Information ::

..............................

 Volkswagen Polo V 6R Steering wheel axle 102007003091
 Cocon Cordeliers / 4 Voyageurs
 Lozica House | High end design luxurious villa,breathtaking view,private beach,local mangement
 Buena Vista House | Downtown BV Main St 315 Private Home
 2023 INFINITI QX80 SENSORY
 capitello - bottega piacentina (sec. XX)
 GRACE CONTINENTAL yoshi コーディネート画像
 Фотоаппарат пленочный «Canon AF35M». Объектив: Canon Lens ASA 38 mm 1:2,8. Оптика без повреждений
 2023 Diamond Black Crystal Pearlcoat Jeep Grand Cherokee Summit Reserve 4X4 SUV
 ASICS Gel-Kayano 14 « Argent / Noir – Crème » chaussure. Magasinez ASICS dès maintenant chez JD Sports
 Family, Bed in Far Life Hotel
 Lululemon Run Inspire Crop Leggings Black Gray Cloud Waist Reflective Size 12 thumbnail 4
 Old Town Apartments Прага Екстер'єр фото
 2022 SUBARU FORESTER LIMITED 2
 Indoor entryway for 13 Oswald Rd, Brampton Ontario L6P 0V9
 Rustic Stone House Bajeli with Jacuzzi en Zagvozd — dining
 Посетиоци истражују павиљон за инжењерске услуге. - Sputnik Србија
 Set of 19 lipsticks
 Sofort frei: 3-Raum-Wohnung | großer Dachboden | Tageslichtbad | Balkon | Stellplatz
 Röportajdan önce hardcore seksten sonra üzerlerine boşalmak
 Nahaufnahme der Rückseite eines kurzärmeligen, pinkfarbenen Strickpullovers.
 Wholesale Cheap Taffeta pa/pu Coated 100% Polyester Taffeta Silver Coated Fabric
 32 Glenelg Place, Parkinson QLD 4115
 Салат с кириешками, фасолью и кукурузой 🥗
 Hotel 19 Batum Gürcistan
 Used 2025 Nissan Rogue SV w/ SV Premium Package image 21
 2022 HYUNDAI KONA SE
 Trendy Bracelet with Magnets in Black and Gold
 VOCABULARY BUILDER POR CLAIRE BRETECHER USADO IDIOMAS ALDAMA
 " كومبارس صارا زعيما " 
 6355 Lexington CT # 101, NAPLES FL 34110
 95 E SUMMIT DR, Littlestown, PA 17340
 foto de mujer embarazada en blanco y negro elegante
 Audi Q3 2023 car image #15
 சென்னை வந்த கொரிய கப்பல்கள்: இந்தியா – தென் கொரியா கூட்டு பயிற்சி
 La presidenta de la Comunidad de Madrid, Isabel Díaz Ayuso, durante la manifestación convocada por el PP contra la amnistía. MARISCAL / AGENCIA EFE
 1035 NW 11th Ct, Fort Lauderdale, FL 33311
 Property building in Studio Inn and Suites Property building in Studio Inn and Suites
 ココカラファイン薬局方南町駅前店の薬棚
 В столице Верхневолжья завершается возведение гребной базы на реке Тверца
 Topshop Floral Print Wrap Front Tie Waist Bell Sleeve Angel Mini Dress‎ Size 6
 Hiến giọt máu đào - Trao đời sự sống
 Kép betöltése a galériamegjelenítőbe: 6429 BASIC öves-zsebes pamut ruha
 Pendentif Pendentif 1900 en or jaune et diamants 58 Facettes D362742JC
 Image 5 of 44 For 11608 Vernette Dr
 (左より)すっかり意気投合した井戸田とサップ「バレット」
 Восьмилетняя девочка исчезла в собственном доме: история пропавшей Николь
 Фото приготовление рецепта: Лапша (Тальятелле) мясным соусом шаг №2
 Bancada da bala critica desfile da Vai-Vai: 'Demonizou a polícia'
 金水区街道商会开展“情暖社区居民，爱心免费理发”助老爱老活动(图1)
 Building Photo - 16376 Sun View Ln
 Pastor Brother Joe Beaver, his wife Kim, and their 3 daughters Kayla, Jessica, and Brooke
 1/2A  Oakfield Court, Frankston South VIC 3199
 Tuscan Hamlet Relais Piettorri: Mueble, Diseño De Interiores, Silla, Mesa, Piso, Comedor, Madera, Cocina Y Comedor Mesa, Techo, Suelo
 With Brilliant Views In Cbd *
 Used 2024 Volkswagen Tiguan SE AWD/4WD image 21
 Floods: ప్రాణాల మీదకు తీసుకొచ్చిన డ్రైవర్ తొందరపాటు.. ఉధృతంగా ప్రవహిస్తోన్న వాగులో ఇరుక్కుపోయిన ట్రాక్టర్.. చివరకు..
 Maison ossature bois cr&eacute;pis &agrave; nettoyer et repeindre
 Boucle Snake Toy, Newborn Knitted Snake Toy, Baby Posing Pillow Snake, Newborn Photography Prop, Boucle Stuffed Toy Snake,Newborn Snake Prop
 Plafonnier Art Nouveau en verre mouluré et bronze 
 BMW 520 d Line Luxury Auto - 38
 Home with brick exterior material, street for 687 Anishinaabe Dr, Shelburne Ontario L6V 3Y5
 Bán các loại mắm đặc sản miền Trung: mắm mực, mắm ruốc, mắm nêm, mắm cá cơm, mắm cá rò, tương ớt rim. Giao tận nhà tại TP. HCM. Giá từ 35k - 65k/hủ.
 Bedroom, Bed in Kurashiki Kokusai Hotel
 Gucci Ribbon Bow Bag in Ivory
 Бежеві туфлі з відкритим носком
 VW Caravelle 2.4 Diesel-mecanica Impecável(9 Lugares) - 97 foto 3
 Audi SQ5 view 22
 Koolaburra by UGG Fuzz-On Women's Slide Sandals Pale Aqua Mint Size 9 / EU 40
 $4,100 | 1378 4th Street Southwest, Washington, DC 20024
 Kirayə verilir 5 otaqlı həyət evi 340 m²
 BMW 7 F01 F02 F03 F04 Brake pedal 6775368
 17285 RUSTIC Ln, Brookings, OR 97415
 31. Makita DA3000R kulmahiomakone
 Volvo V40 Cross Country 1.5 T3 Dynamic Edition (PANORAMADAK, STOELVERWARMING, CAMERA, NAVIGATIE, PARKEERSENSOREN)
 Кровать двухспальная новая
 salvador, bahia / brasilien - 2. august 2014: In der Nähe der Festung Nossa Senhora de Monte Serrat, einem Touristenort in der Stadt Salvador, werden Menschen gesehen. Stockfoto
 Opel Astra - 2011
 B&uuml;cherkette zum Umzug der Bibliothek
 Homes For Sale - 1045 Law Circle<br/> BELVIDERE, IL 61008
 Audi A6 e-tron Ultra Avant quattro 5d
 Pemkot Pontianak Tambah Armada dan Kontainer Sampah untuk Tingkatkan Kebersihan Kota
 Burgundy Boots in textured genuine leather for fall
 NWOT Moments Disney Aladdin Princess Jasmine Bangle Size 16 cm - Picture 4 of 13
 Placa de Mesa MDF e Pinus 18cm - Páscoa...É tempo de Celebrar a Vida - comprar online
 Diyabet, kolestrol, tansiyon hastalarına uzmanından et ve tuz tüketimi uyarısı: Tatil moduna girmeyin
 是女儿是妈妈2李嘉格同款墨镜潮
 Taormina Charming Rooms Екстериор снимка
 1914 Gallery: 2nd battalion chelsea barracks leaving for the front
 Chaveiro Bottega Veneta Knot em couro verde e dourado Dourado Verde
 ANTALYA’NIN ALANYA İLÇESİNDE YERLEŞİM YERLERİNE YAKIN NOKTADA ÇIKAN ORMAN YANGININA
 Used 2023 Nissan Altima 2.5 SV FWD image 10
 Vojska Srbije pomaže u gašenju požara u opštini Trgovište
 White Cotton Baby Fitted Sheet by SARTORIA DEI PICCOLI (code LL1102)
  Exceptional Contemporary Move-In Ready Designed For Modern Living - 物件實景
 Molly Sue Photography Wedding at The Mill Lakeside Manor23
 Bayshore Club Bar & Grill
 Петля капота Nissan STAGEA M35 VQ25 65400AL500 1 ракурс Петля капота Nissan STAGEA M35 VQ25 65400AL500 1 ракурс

..............................

Work to be completed ::
Restate verbatim the first line above and all lines after it through the line containing "2023 INFINITI QX80 SENSORY"; omit the rest.

Task answer ::
 Volkswagen Polo V 6R Steering wheel axle 102007003091
 Cocon Cordeliers / 4 Voyageurs
 Lozica House | High end design luxurious villa,breathtaking view,private beach,local mangement
 Buena Vista House | Downtown BV Main St 315 Private Home
 2023 INFINITI QX80 SENSORY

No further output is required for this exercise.